:: Pictures with short captions ::
* * * * *

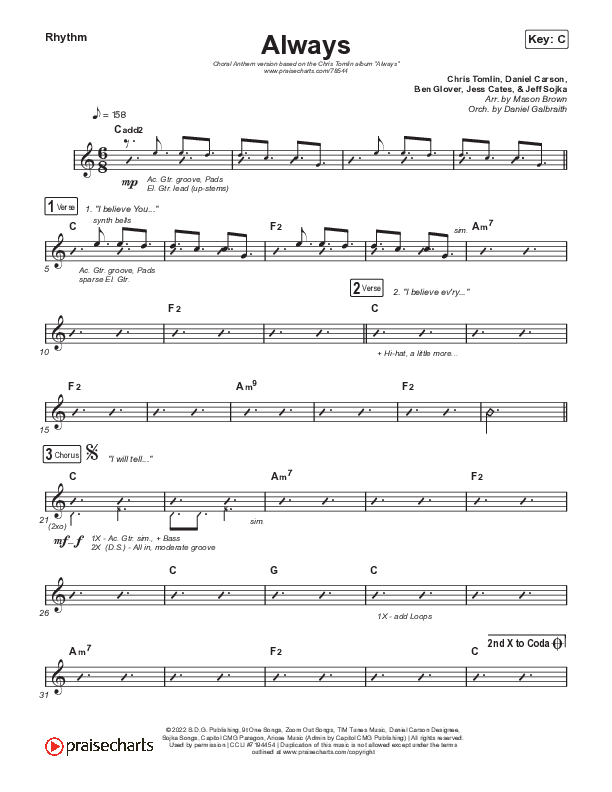 Always (Choral Anthem SATB) Rhythm Chart (Chris Tomlin / Arr. Erik Foster)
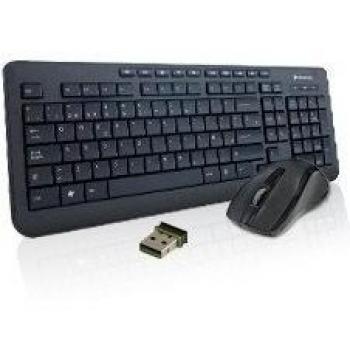 Phoenix Technologies PHKEYWIRELESS - Combo Teclado QWERTY español inalámbrico y ratón óptico inalámbrico con Receptor Nano USB, Color Negro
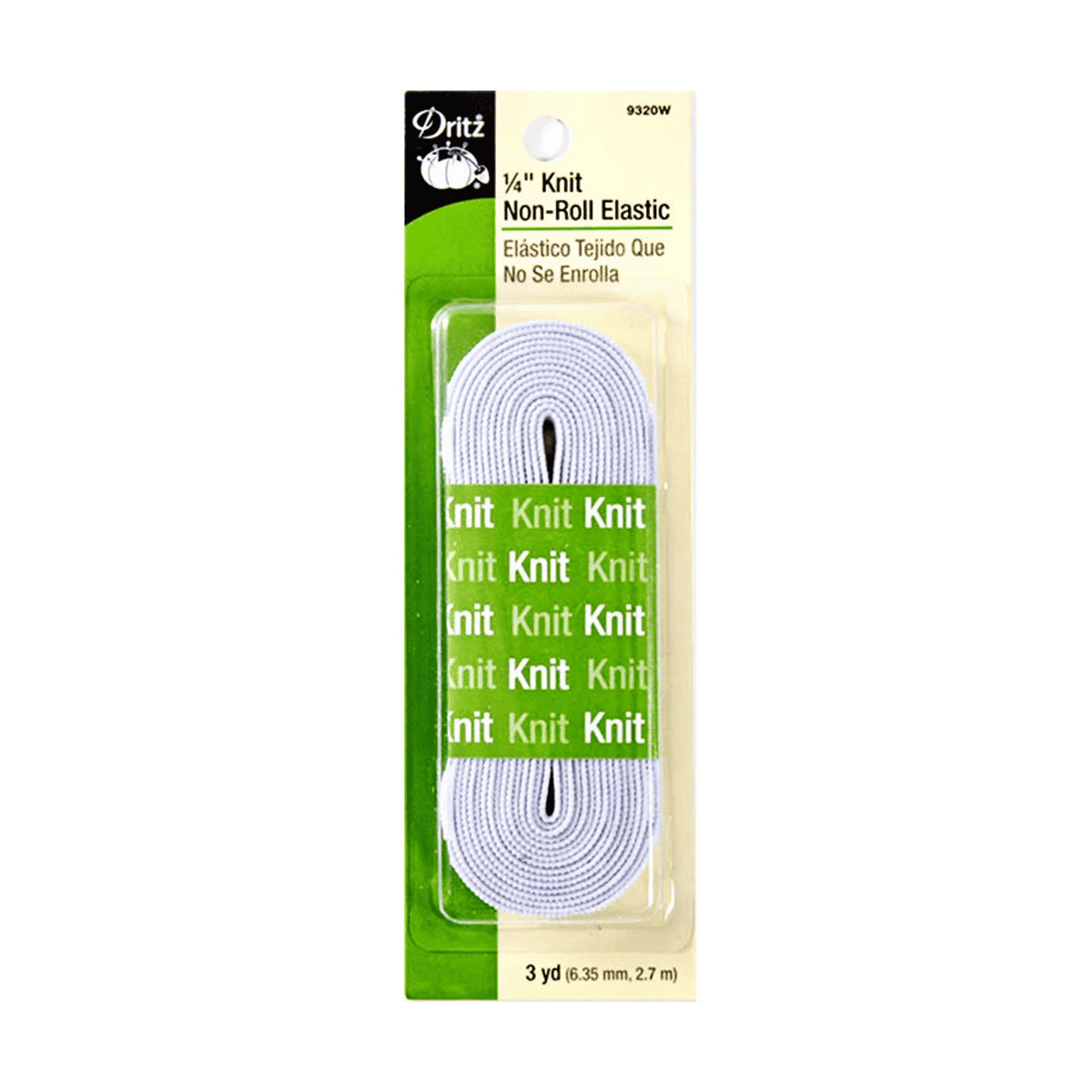 1/4" Knit Non-Roll Elastic - 3 yds
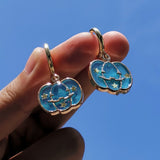 Trendy Colorful Pumpkin Halloween Fall Statement Hoop Earrings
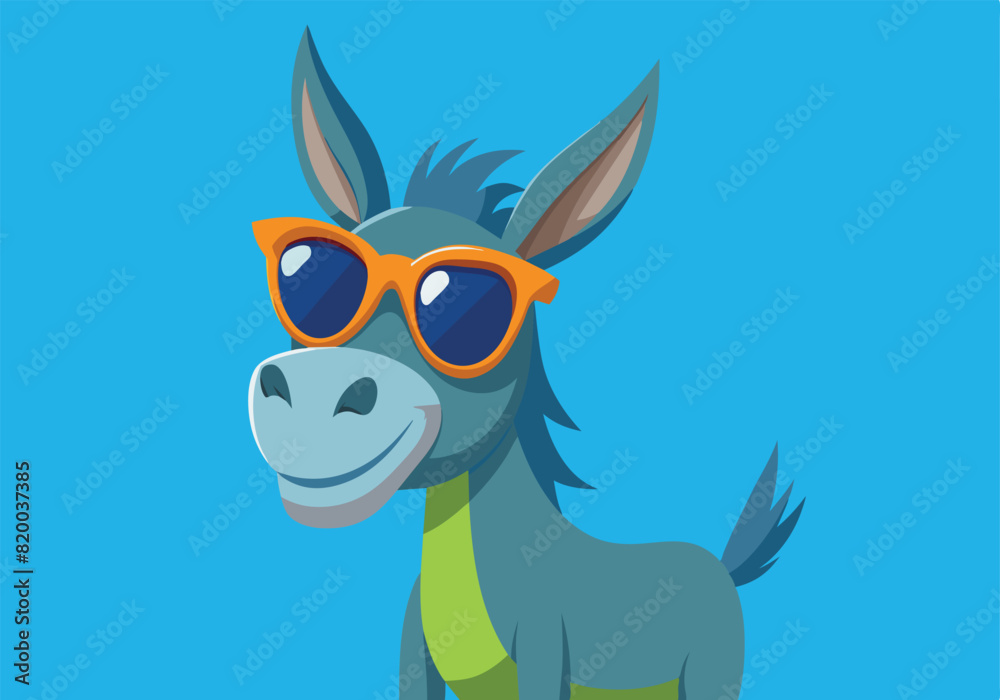 A cartoon donkey wearing sunglasses and a green shirt A cartoon donkey wearing sunglasses and a green shirt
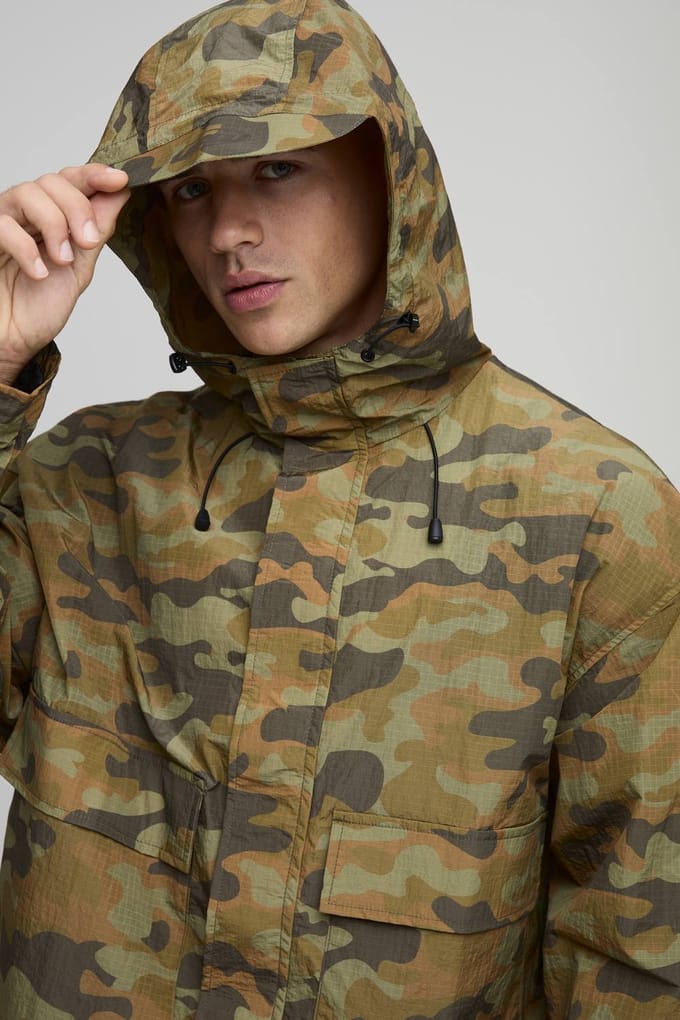 Oversized Boxy Camo Ripstop Sports Cagoule | Yellow | Size Large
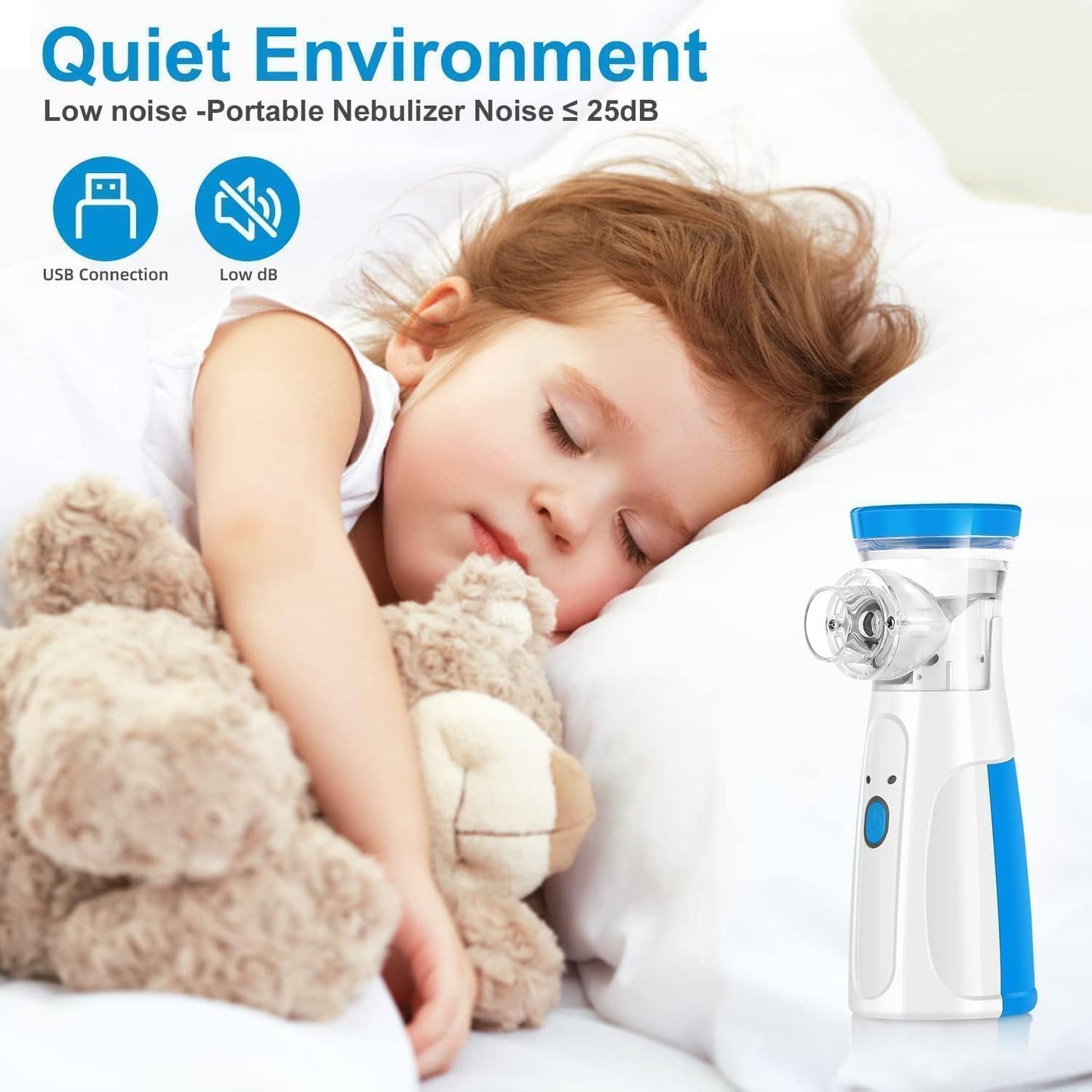 Portable Ultrasonic Mesh Nebulizer - Silent, Rechargeable & Cordless for All Ages.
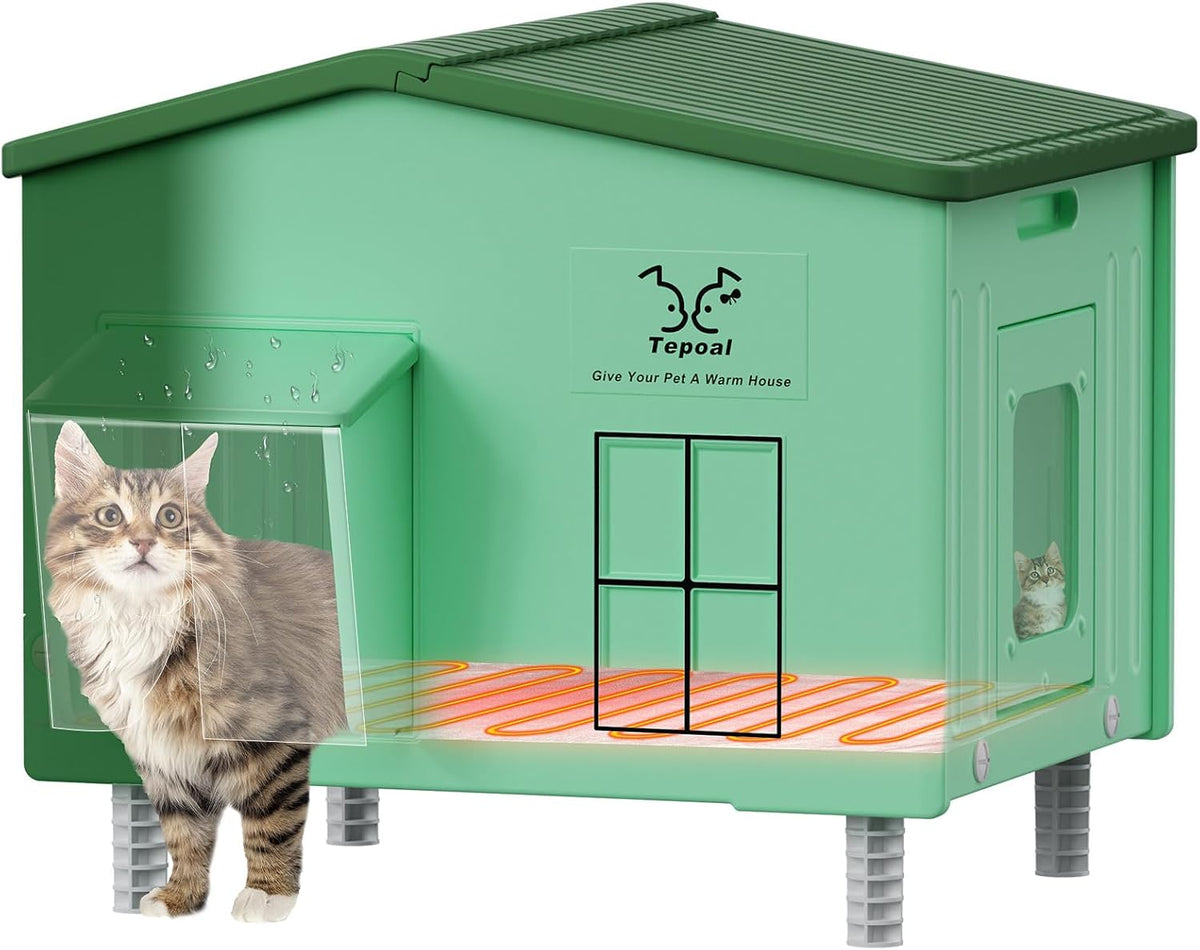 Heavy-Duty Heated Outdoor Cat House with Escape Door – Green or Grey, 2 Sizes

* * * * *

:: What is being asked ::
Repeat the lines above, starting at the first and stopping after the line that holds "Elastic - 3 yds", with the pictures left out.

:: Answer space ::
 Always (Choral Anthem SATB) Rhythm Chart (Chris Tomlin / Arr. Erik Foster)
 Phoenix Technologies PHKEYWIRELESS - Combo Teclado QWERTY español inalámbrico y ratón óptico inalámbrico con Receptor Nano USB, Color Negro
 1/4" Knit Non-Roll Elastic - 3 yds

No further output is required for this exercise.